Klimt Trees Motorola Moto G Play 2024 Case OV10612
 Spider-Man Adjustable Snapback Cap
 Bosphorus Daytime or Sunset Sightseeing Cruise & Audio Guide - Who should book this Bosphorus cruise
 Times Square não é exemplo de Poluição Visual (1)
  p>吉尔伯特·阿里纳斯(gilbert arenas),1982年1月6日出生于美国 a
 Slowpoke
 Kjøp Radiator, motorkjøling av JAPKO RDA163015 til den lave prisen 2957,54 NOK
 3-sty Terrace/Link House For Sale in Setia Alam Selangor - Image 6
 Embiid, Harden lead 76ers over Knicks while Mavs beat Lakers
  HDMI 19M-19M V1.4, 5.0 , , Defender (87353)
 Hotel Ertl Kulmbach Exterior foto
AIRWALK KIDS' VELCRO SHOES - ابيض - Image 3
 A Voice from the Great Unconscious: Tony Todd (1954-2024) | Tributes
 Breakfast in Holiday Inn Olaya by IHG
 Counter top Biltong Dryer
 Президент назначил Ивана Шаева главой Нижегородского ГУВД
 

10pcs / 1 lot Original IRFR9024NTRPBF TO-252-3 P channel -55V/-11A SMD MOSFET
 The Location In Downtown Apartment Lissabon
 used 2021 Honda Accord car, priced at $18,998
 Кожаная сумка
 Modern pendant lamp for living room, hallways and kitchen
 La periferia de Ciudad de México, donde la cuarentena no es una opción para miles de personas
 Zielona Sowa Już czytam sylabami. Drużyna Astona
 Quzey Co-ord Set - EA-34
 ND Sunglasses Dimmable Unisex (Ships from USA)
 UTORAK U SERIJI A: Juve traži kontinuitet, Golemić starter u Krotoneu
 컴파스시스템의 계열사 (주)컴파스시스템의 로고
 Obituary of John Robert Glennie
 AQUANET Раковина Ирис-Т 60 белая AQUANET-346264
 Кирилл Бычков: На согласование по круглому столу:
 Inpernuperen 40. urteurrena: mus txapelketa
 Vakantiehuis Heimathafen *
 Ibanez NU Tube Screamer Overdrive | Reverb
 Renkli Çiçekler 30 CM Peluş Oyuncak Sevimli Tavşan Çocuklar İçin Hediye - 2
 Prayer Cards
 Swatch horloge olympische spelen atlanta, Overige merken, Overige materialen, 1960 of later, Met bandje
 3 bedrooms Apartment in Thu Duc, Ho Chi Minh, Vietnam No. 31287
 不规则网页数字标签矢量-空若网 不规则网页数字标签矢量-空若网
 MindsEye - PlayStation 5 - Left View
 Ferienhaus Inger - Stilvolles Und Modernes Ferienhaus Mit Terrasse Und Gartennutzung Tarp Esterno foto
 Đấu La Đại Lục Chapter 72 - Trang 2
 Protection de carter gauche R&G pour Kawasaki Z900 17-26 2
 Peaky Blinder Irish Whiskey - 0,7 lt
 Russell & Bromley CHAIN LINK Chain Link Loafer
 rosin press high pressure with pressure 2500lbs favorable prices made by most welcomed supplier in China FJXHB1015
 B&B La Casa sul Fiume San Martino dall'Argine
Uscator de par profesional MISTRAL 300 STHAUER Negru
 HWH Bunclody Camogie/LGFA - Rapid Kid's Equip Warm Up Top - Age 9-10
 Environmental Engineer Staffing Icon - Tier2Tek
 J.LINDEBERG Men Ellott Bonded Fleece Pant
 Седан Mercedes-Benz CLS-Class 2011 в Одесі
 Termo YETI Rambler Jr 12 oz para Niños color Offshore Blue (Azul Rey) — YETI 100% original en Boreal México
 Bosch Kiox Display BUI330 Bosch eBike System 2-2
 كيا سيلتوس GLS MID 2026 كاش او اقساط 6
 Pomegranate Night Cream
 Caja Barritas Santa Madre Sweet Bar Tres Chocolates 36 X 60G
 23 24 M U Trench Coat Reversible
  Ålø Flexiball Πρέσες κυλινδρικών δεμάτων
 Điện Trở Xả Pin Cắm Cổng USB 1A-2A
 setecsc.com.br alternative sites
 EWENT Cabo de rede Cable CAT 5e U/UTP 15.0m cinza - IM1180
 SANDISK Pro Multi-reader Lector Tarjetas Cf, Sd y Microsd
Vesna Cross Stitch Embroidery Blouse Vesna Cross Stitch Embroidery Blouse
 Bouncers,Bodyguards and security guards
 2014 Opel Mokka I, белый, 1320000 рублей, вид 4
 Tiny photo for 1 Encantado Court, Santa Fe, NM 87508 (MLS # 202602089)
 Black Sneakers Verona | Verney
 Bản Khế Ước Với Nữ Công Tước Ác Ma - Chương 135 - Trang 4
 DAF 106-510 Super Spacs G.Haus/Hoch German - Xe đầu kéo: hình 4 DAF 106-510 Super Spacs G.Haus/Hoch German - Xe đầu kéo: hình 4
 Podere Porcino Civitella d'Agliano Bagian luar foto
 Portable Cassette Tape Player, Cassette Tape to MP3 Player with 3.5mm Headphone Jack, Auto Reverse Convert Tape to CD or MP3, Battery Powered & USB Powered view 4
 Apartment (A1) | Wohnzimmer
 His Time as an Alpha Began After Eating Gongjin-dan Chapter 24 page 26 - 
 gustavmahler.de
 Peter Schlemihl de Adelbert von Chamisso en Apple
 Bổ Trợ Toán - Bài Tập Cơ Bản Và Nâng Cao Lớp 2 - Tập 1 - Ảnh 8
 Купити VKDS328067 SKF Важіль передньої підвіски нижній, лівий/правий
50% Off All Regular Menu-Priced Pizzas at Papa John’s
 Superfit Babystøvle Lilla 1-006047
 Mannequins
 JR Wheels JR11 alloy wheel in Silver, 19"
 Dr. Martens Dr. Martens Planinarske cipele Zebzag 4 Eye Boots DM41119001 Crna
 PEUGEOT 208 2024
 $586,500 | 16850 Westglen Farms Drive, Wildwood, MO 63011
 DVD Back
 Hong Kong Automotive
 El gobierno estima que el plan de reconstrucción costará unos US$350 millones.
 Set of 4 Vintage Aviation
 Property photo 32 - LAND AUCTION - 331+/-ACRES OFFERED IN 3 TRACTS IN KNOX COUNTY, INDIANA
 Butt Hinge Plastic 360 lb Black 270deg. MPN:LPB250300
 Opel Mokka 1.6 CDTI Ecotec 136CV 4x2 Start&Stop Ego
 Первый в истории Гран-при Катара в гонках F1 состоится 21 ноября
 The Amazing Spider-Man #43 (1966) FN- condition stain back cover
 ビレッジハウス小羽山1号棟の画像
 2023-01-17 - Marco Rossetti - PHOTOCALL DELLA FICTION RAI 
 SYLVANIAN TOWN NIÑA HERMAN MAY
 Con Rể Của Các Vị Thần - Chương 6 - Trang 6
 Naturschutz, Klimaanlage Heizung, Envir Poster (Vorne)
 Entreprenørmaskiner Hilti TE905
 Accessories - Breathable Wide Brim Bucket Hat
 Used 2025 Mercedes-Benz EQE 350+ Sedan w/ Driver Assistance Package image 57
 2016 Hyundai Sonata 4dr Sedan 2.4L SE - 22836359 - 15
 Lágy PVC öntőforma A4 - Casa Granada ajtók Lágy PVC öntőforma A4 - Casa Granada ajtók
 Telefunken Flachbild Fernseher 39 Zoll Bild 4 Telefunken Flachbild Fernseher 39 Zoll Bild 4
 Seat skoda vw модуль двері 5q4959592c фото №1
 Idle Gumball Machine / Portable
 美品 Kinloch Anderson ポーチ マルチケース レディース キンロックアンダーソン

Task directions ▸
Your answer should be one number: how many lines above contain "Link".

Result for this exercise ▸
2